» **Data records**:
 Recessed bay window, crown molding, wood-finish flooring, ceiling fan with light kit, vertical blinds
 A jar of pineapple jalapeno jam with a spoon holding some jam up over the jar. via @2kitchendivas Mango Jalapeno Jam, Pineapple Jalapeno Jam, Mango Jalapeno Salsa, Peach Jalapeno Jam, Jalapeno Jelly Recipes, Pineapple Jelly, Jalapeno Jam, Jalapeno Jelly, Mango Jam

---

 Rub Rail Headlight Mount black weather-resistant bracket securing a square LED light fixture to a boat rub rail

* * *

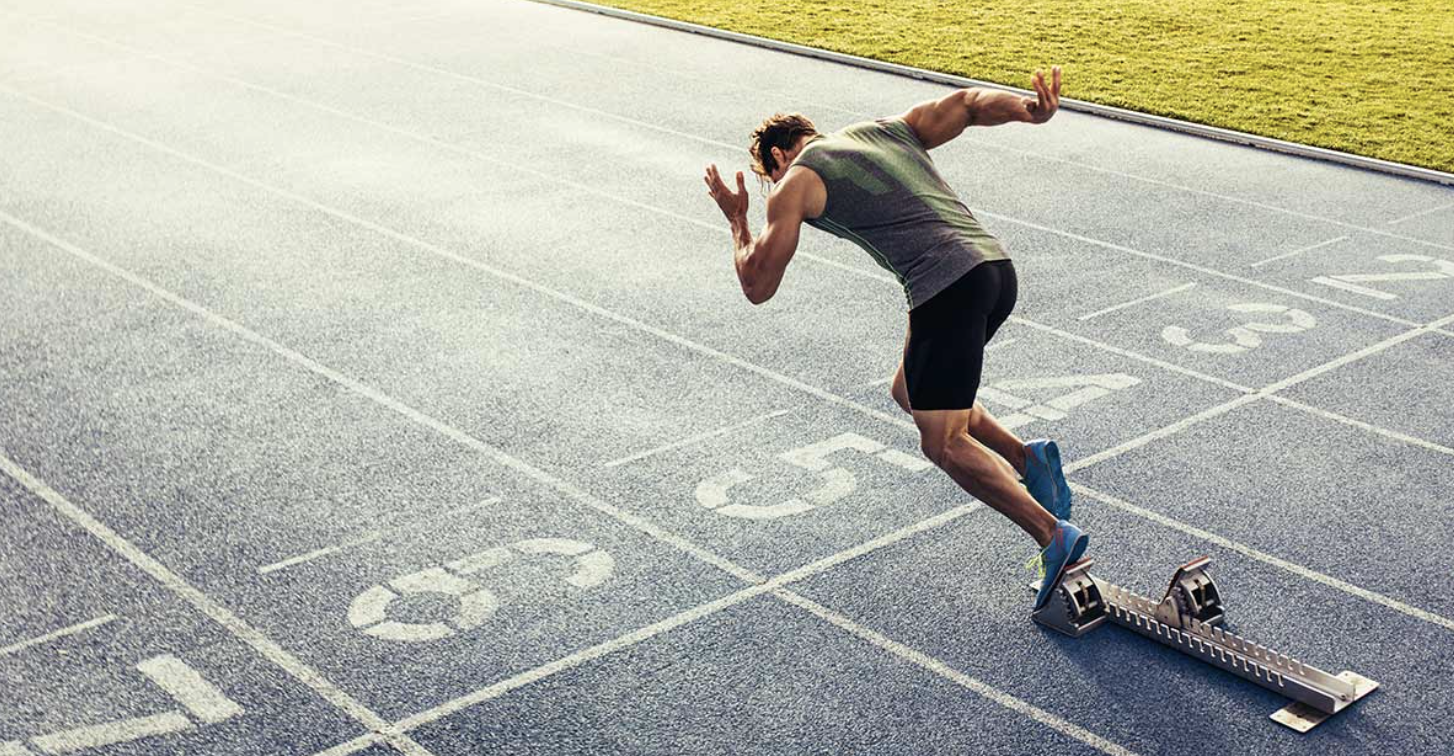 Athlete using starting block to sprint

» **Task goal**: Pull out all lines from the listing that contain the string "with".

» **Task solution**:
 Recessed bay window, crown molding, wood-finish flooring, ceiling fan with light kit, vertical blinds
 A jar of pineapple jalapeno jam with a spoon holding some jam up over the jar. via @2kitchendivas Mango Jalapeno Jam, Pineapple Jalapeno Jam, Mango Jalapeno Salsa, Peach Jalapeno Jam, Jalapeno Jelly Recipes, Pineapple Jelly, Jalapeno Jam, Jalapeno Jelly, Mango Jam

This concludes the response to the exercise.